* _ACTIVITY_: Give the lines again exactly as they appear, beginning at the one with "Derby HQ Racing Club" and ending at the last line of the records.

=-=-=-=-=

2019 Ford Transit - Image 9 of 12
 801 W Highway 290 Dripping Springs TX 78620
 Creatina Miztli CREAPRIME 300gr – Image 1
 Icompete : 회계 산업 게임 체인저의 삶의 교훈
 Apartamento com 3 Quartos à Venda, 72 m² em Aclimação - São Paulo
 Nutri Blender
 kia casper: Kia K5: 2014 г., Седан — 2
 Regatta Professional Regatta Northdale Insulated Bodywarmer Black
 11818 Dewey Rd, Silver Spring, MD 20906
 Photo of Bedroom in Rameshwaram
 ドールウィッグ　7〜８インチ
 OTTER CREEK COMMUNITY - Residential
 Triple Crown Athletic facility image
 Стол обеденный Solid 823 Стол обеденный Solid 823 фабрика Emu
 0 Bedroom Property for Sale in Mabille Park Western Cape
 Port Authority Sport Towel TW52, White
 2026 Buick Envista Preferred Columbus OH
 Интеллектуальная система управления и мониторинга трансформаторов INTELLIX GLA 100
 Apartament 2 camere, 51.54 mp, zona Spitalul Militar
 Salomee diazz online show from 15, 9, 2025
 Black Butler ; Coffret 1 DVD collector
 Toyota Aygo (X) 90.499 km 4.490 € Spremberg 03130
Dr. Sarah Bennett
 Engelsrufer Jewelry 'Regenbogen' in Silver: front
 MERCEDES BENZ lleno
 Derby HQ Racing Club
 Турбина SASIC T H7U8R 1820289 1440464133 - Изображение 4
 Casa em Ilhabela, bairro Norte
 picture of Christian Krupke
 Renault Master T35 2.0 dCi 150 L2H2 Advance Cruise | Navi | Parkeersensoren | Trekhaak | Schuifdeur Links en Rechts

=-=-=-=-=

* _RESULT_:
 Derby HQ Racing Club
 Турбина SASIC T H7U8R 1820289 1440464133 - Изображение 4
 Casa em Ilhabela, bairro Norte
 picture of Christian Krupke
 Renault Master T35 2.0 dCi 150 L2H2 Advance Cruise | Navi | Parkeersensoren | Trekhaak | Schuifdeur Links en Rechts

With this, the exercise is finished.